Tobacco smoking is the leading preventable cause of death worldwide, killing approximately 8 million people each year — including 1.2 million from secondhand smoke exposure. Smoking causes cancers of the lung, oral cavity, oesophagus, bladder, kidney, pancreas, and stomach, as well as cardiovascular disease, COPD, type 2 diabetes, and tuberculosis. Approximately 1.3 billion people currently use tobacco products, with prevalence highest in Southeast Asia, Europe, and the Western Pacific. While smoking prevalence has declined in high-income countries (from approximately 40% in the 1970s to 15-20% today), it remains high or is increasing in low- and middle-income countries, where 80% of the world's smokers live. The tobacco industry aggressively markets to youth, women, and populations in LMICs. Smoking is the single most important risk factor amenable to public health intervention, and tobacco control has been described as the most cost-effective public health investment available.
Smoking contributes to mortality from lung cancer, COPD, ischaemic heart disease, stroke, and 3 other conditions.
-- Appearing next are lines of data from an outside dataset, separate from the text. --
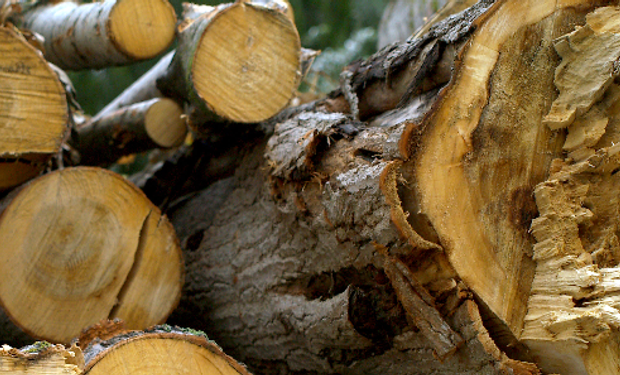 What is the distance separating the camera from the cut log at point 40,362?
3.22 feet

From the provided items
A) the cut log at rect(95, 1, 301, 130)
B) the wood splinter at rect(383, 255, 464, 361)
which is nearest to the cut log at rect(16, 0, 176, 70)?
the cut log at rect(95, 1, 301, 130)

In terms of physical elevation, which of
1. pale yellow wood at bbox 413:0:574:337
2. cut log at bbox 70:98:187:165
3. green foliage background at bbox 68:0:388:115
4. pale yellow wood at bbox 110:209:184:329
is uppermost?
pale yellow wood at bbox 413:0:574:337

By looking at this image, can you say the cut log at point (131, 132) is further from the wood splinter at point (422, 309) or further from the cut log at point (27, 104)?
the wood splinter at point (422, 309)

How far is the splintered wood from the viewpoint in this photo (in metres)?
1.09

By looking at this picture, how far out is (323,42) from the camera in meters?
4.63

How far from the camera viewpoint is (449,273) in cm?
118

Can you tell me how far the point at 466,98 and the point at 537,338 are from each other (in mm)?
506

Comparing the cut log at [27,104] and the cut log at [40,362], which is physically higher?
the cut log at [27,104]

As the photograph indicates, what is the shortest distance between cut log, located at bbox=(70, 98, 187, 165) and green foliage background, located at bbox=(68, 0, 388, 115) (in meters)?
2.03

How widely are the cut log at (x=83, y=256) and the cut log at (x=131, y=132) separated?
1.38 ft

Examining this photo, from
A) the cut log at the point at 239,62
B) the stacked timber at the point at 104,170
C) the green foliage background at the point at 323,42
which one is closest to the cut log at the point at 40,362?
the stacked timber at the point at 104,170

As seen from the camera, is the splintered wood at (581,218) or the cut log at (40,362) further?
the splintered wood at (581,218)

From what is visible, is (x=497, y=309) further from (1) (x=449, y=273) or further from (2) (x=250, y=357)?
(2) (x=250, y=357)

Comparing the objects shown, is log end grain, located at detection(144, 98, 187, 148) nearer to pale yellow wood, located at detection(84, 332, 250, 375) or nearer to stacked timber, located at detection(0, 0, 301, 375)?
stacked timber, located at detection(0, 0, 301, 375) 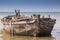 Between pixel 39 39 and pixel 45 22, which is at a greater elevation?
pixel 45 22

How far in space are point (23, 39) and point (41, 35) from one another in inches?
68.8

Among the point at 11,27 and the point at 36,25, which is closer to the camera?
the point at 36,25

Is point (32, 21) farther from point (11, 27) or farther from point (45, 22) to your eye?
point (11, 27)

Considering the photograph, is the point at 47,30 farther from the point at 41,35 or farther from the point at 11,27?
the point at 11,27

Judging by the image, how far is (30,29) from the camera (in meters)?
12.4

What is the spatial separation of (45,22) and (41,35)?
1040 mm

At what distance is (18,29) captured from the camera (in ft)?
42.2

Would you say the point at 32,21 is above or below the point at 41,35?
above

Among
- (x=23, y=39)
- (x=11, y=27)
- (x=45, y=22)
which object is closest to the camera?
(x=23, y=39)

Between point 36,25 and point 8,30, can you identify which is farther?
point 8,30

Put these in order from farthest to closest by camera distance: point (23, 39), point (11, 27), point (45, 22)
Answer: point (11, 27) → point (45, 22) → point (23, 39)

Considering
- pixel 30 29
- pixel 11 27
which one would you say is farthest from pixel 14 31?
pixel 30 29

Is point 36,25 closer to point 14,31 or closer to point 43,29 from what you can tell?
point 43,29

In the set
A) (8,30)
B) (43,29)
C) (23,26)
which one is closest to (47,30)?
(43,29) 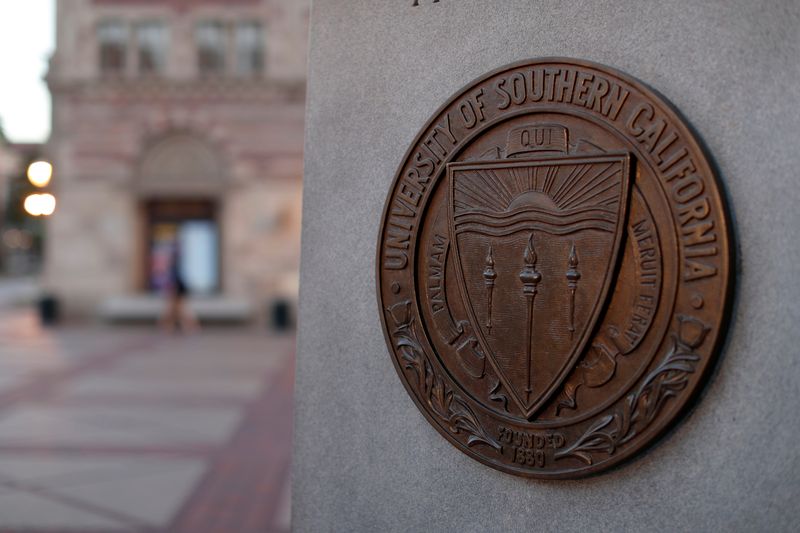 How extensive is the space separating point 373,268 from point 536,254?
0.77 m

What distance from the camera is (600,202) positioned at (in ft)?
8.52

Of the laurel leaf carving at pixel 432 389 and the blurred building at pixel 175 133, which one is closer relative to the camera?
the laurel leaf carving at pixel 432 389

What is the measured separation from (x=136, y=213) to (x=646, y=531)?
1989 cm

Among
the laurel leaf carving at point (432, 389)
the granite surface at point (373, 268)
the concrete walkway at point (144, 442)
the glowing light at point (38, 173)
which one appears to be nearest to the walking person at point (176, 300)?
the concrete walkway at point (144, 442)

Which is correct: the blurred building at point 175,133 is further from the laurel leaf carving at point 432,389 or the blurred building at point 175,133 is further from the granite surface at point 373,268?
the laurel leaf carving at point 432,389

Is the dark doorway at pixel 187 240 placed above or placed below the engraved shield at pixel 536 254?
below

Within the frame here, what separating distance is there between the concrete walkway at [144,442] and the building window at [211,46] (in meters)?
9.12

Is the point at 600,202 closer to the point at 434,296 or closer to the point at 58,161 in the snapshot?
the point at 434,296

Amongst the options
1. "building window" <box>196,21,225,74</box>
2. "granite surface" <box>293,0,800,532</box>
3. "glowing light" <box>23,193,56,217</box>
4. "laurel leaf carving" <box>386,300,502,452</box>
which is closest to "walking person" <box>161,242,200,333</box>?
"building window" <box>196,21,225,74</box>

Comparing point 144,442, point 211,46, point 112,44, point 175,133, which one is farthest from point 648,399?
point 112,44

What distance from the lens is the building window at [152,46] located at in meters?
20.6

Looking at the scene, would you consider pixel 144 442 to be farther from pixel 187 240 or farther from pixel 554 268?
pixel 187 240

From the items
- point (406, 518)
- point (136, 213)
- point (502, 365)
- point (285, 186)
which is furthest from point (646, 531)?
point (136, 213)

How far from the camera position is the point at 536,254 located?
108 inches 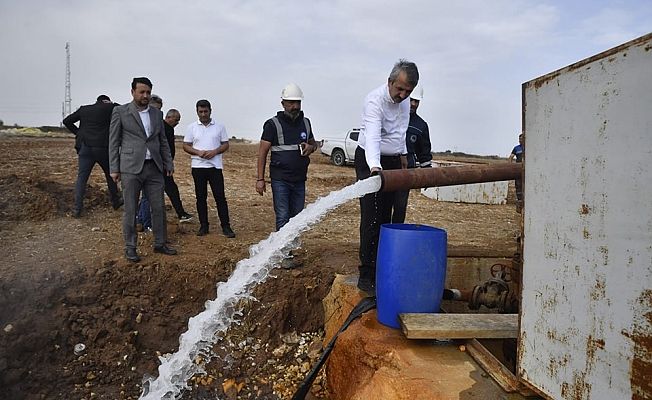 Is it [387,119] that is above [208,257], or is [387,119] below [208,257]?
above

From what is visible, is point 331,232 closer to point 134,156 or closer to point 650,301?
point 134,156

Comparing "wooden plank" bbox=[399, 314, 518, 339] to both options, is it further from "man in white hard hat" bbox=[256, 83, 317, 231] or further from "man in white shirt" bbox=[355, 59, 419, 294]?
"man in white hard hat" bbox=[256, 83, 317, 231]

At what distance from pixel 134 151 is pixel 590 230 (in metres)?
4.17

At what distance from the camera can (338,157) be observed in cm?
1827

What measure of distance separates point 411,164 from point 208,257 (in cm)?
228

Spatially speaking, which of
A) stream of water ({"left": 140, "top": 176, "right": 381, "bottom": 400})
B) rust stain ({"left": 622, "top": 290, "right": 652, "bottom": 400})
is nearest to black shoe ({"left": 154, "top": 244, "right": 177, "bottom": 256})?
stream of water ({"left": 140, "top": 176, "right": 381, "bottom": 400})

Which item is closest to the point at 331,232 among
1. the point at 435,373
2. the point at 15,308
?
the point at 15,308

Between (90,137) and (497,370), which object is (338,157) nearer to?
(90,137)

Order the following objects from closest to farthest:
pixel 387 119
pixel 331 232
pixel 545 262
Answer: pixel 545 262 < pixel 387 119 < pixel 331 232

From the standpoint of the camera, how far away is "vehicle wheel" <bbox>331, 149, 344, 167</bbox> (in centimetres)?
1816

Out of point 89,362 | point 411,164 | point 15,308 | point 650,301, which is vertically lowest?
point 89,362

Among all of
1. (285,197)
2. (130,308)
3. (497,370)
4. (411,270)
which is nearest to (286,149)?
(285,197)

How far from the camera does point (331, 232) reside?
21.9 feet

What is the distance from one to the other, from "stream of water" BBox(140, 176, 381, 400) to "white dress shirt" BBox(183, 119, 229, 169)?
1.28 meters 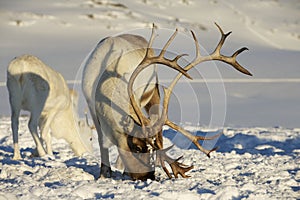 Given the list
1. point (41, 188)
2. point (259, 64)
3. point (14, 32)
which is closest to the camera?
point (41, 188)

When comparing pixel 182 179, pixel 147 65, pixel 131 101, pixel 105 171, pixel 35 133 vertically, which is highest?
pixel 147 65

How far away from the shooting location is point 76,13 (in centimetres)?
2444

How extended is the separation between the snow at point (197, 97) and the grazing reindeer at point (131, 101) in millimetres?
238

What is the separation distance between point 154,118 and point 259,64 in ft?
36.7

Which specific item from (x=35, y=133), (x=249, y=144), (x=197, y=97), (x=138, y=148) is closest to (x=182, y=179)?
(x=138, y=148)

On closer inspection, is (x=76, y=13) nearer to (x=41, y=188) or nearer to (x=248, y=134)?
(x=248, y=134)

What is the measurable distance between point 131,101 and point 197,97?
663 cm

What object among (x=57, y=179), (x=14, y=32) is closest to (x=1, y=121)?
(x=57, y=179)

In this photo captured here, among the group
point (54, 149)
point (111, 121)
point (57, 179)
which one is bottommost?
point (54, 149)

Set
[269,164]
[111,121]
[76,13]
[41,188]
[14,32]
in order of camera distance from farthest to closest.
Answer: [76,13]
[14,32]
[269,164]
[111,121]
[41,188]

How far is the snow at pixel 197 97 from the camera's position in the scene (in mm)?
6672

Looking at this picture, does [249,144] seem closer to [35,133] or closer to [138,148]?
[35,133]

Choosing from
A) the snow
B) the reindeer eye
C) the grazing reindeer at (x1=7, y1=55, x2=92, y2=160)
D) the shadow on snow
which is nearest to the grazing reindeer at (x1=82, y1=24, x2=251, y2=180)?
the reindeer eye

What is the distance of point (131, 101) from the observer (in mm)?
6785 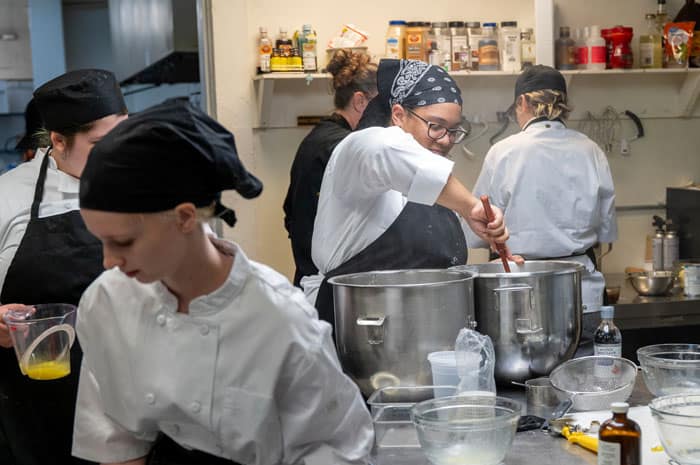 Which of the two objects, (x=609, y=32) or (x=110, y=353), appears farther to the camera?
(x=609, y=32)

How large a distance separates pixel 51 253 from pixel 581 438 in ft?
4.38

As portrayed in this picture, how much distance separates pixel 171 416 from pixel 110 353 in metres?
0.15

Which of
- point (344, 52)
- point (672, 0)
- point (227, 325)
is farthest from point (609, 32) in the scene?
point (227, 325)

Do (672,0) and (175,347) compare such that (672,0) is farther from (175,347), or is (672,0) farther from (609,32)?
(175,347)

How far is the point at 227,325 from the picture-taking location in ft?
4.73

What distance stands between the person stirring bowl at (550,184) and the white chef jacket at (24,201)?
6.50ft

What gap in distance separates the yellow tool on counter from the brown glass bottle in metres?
0.22

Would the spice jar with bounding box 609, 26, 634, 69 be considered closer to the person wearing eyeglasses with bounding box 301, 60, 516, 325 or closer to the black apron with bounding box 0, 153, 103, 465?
the person wearing eyeglasses with bounding box 301, 60, 516, 325

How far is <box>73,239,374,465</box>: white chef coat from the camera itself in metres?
1.45

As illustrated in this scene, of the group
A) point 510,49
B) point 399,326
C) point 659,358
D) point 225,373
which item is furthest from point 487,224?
point 510,49

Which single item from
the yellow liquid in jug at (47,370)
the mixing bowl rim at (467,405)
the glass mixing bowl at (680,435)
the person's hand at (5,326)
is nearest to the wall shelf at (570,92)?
the person's hand at (5,326)

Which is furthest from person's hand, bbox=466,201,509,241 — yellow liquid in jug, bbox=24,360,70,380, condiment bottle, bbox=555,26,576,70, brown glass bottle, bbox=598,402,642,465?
condiment bottle, bbox=555,26,576,70

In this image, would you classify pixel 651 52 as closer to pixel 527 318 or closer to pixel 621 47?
pixel 621 47

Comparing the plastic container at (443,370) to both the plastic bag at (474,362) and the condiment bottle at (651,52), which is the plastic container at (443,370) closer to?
the plastic bag at (474,362) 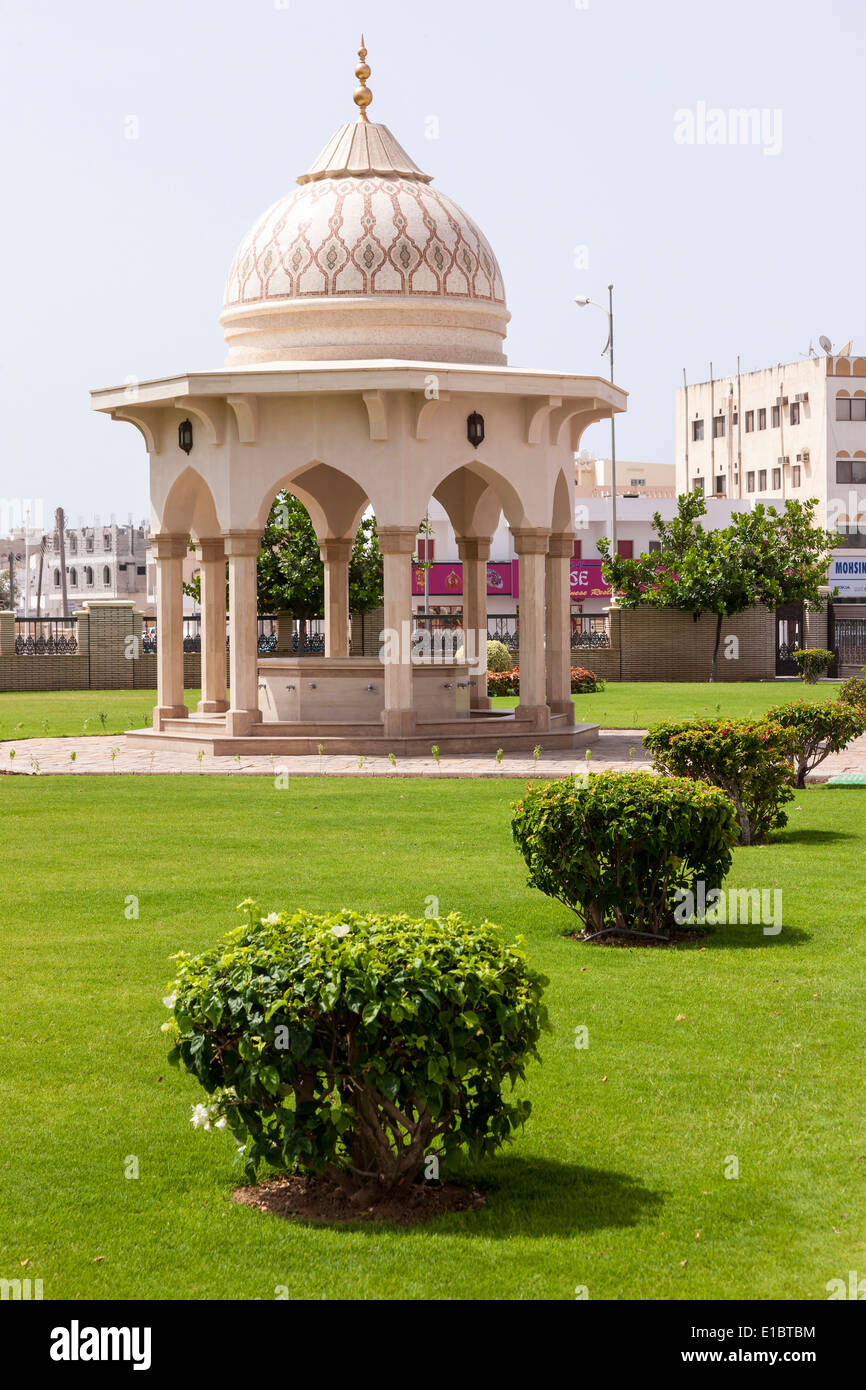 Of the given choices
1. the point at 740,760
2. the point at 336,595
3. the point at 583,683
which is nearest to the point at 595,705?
the point at 583,683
The magnitude of impact varies by country depending on exposure levels, population demographics, and the availability of preventive and treatment services.
The WHO MPOWER package provides six proven tobacco control policies: Monitor tobacco use, Protect from secondhand smoke, Offer cessation help, Warn about dangers (graphic health warnings), Enforce advertising bans, and Raise taxes on tobacco. Tax increases to at least 75% of retail price are the single most effective measure. Pharmacotherapy (nicotine replacement, varenicline, bupropion) and behavioural counselling support cessation. Plain packaging, point-of-sale display bans, and implementation of the FCTC strengthen the policy environment. E-cigarette regulation remains debated.